Estaba contemplando a la hija de Sarah Starzynski. La hija de Sarah Starzynski en persona.

Intenté mantener la calma y sonreír con educación.

– Me llamo Julia Jarmond.

– Encantada de conocerte. ¿En qué puedo ayudarte?

Me exprimí el cerebro para inventarme una excusa.

– Bueno, sólo quería ver a tu madre. Debería haber llamado, y todo eso, pero como pasaba por Roxbury, se me ocurrió acercarme por aquí y saludarla…

– ¿Eres amiga de mamá? -me preguntó.

– No exactamente. Hace poco conocí a un primo suyo, y me dijo que vivía aquí…

El rostro de Ornella se iluminó.

– Oh, seguro que es Lorenzo. ¿Le conociste en Europa?

– La verdad es que sí, en París.

Ornella soltó una risita. -Sí, es tremendo, el tío Lorenzo… Mamá le adora. No viene mucho a vernos, pero nos llama a menudo.

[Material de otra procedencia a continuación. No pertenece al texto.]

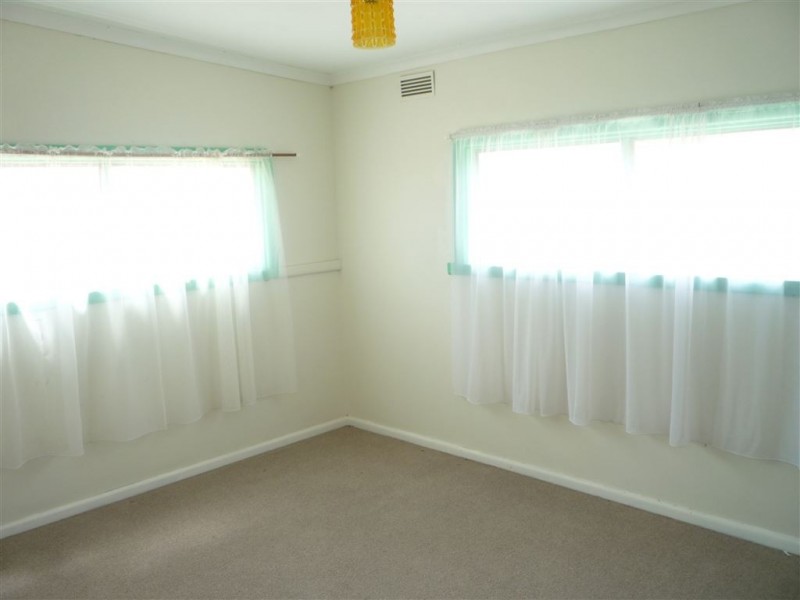 18 Clyde Street, St Arnaud VIC 3478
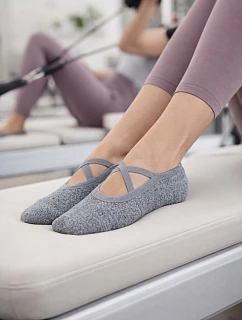 12995 PONOŽKY NA JOGU A PILATES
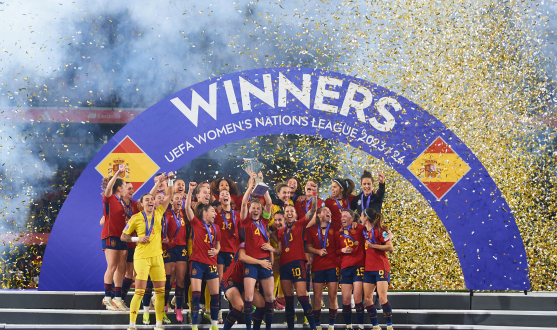 España levanta el trofeo de la Nations League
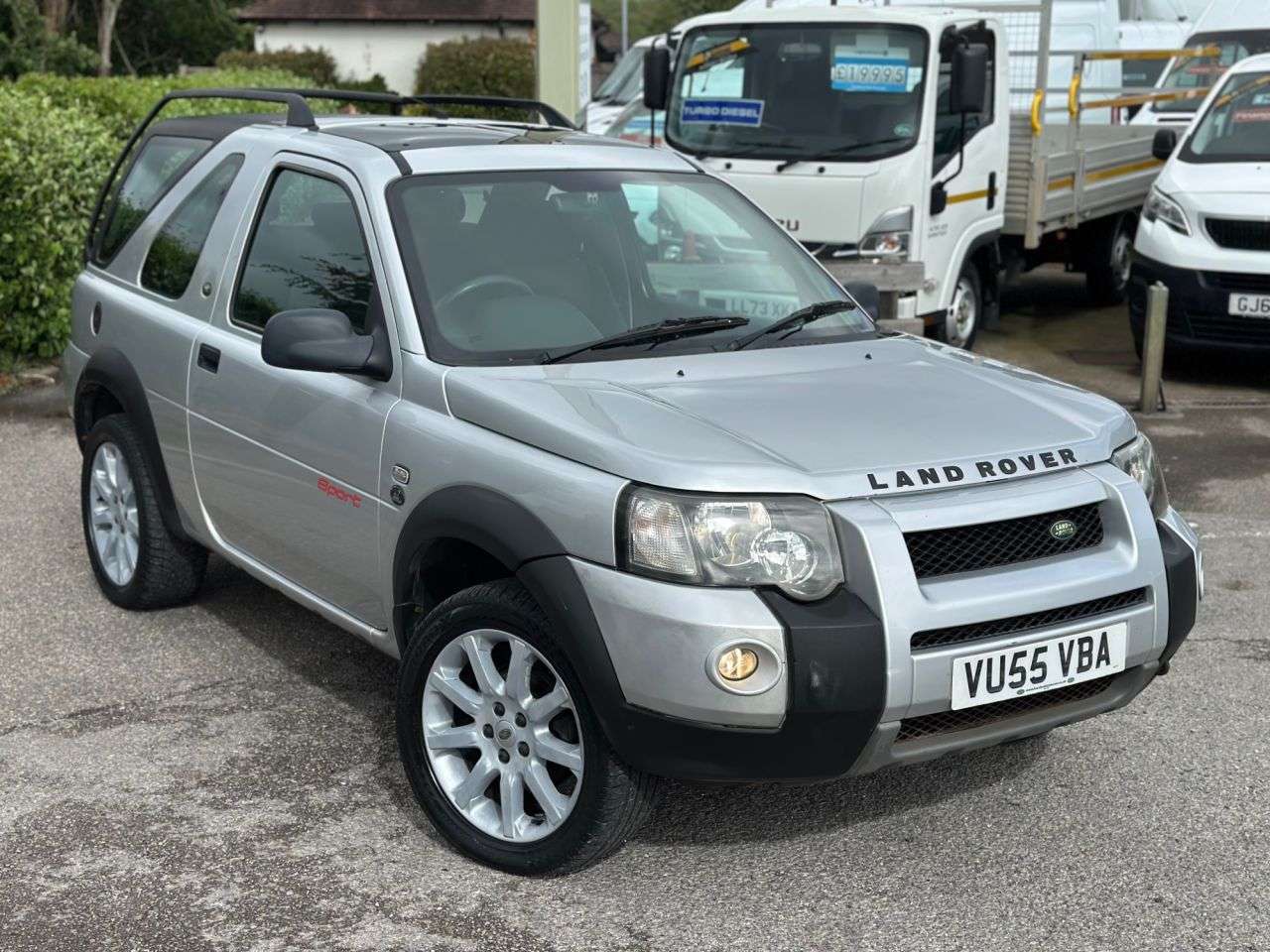 A 2005 LAND ROVER FREELANDER 2.0 TD4 Adventurer Hard Top 3dr Diesel Automatic (240 g/km, 110 bhp) A 2005 LAND ROVER FREELANDER 2.0 TD4 Adventurer Hard Top 3dr Diesel Automatic (240 g/km, 110 bhp)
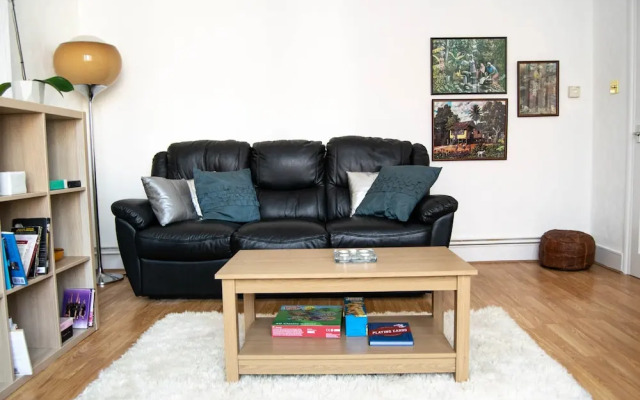 Vibrant 3 Bedroom House in Holloway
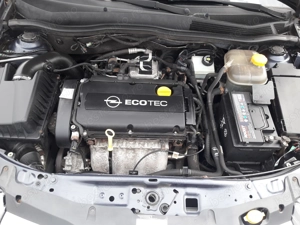 Opel Astra 1.6 INNOVATION, Xenon, climatronic, 8 roți - imagine 19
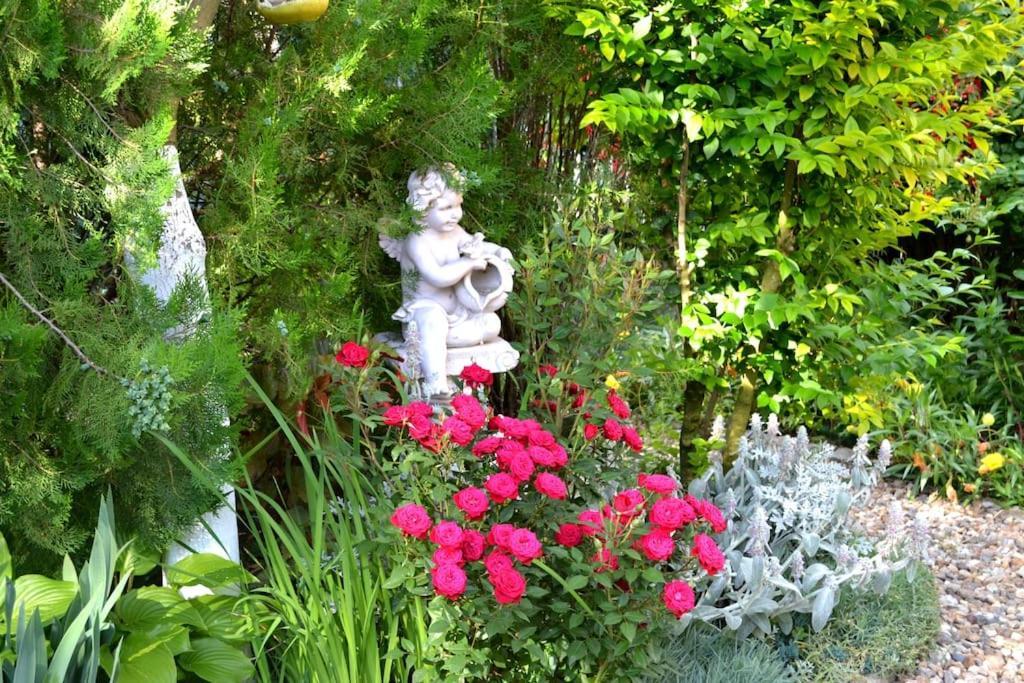 Sea & Garden Villa Varna Bagian luar foto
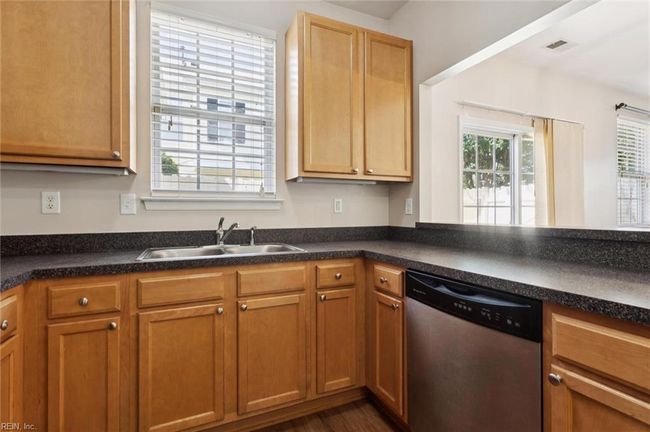 1518 Hambledon Loop, House attached with 2 bedrooms, 3 bathrooms and null parking in Chesapeake VA | Image 14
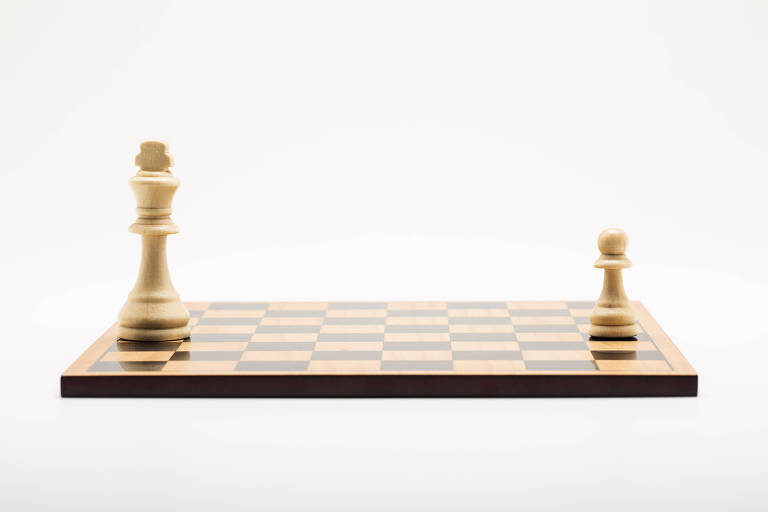Tabuleiro e peças do jogo de xadrez com duas peças, o rei e um peão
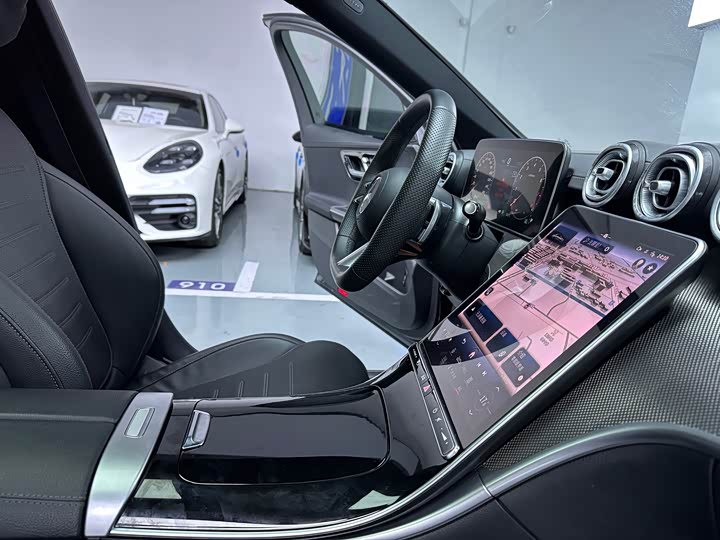 Фото 15 - Mercedes-Benz C-Class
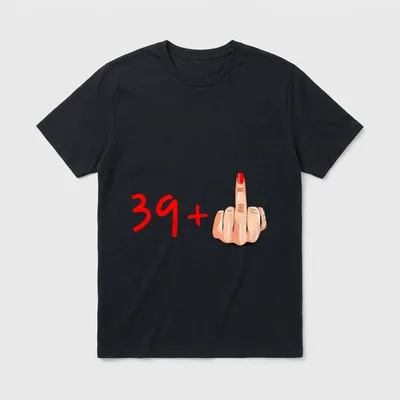 I Am 39 Plus T-Shirt – 39+ in Rot neben erhobenem Mittelfinger mit rotem Nagellack – Klassisches T-Shirt in Schwarz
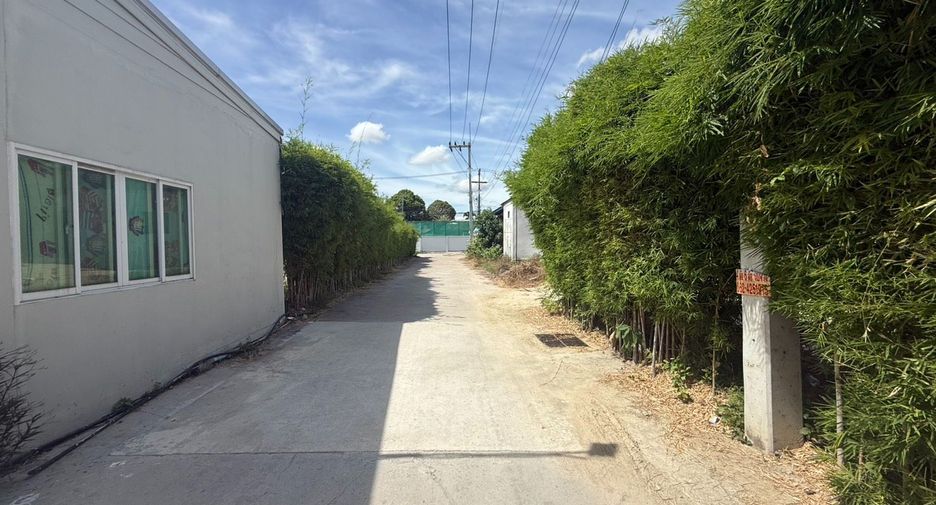 For rent 5 bedrooms warehouse in East Pattaya, Pattaya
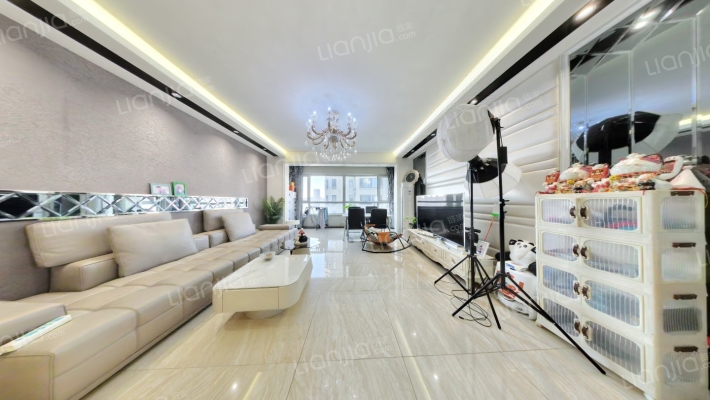 群力观江国际二手房实景图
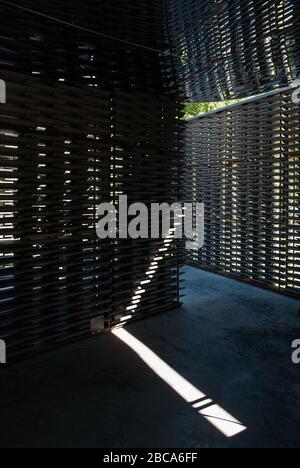 Sommerhauptpavillon Serpentine Galleries Serpentine Pavilion 2018, Kensington Gardens, London, W2 3XA von Frida Escobedo Architect. Stockfoto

Levantó la barbilla hacia mí.

– Oye, ¿quieres pasar a tomar un té helado, o cualquier otra cosa? Aquí fuera hace un calor de mil demonios. Así haces tiempo mientras viene mamá. Oiremos el coche en cuanto llegue.

– No quisiera molestar…

– Mis hijos están fuera, navegando en el lago Lillinoah con su padre, así que no es ninguna molestia. ¡Vamos, estás en tu casa!

Salí del coche, cada vez más nerviosa, y seguí a Ornella por el patio de la casa de al lado, que era del mismo estilo que la residencia de los Rainsferd. El césped estaba sembrado de juguetes de plástico: Frisbees, Barbies decapitadas y piezas de Lego. Me senté a la sombra, y me pregunté si Sarah Starzynski se acercaba a menudo a ver jugar a sus nietos. Viviendo justo al lado, lo fácil es que viniera todos los días.

Ornella me dio un buen vaso de té helado que yo acepté agradecida. Bebimos en silencio.

– ¿Vives por aquí? -preguntó por fin.

– No, vivo en Francia, en París. Me casé con un francés.

– ¡Guau, París…! -exclamó-. Es una ciudad preciosa, ¿no?

– Sí, pero me alegro mucho de volver a casa. Mi hermana vive en Manhattan, y mis padres en Boston. He venido a pasar el verano con ellos.

Sonó el teléfono. Ornella fue a cogerlo. Murmuró unas pocas palabras y volvió al patio.

– Era Mildred -dijo.

– ¿Mildred? -pregunté, sin entender.

– La enfermera de mi padre.

La mujer con la que Charla había hablado por teléfono el día anterior. La que había mencionado al anciano postrado en la cama.

– ¿Tu padre está… mejor? -pregunté con timidez.

Negó con la cabeza.

– Por desgracia, no. El cáncer está muy avanzado. No saldrá de esta. Ya ni siquiera habla, está inconsciente.

– Lo siento mucho -le dije.

– Gracias a Dios que tengo el apoyo de mamá. Ella es quien me está ayudando a soportar esto, y no al revés. Es estupenda. Y Eric, mi marido, también. No sé qué haría sin ellos dos.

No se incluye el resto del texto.